Personally my answer would be:
First utilise the warnings that the compiler provides, which in the case of some well known companies tool chain defaults to silent, by making sure that all the warnings were enabled. Actually I would recommend that the compiler warnings are all turned on and a coding standard used that called for zero warnings.
I would also strongly consider running static analysis with a tool such as Coverity, or even PCLint, as they are great at spotting potential issues like this.
Then I would run the entire test suite under a profiling tool to ensure that we had as near to 100% coverage as possible, then again under a checker such as Valgrind, or even the debugger if it support this.
Finally, and probably only if the tool chain & target did not support such tools and if I could not buy in a library to do this, I would consider implementing my own, either in a special build for test or as a background component of the product.
Only then, if asked to expand, I would start into how I would implement this.

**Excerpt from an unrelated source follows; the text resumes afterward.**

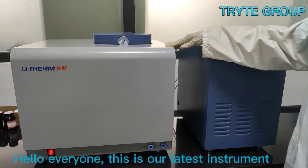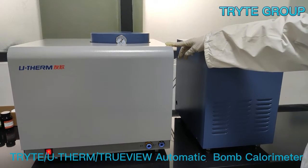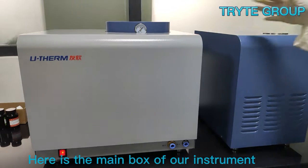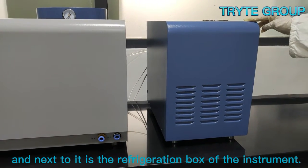Hello everyone, this is our latest instrument, the TrueView automatic bomb calorimeter. Here is the main box of our instrument, and next to it is the refrigeration box of the instrument.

If asked why this strategy I would reply cost, the compiler authors have spent a great many thousands of man hours addressing issues such as memory leaks, as have the static analysis tool developers and both provide 100% coverage of the code. Tools such as Valgrind can do an excellent job but only if the code is 100% exercised while they are watching - hence using a profiling tool to establish coverage.
Generally memory profiling tools do not belong in production code as, for the most part, they will normally be quite a heavy overhead and it is normally more effective to enable, install or enable garbage collection.
They may have been looking for you to mention RAII, Resource Acquisition Is Initialization, but strictly that is a strategy for avoiding rather than detecting memory leaks.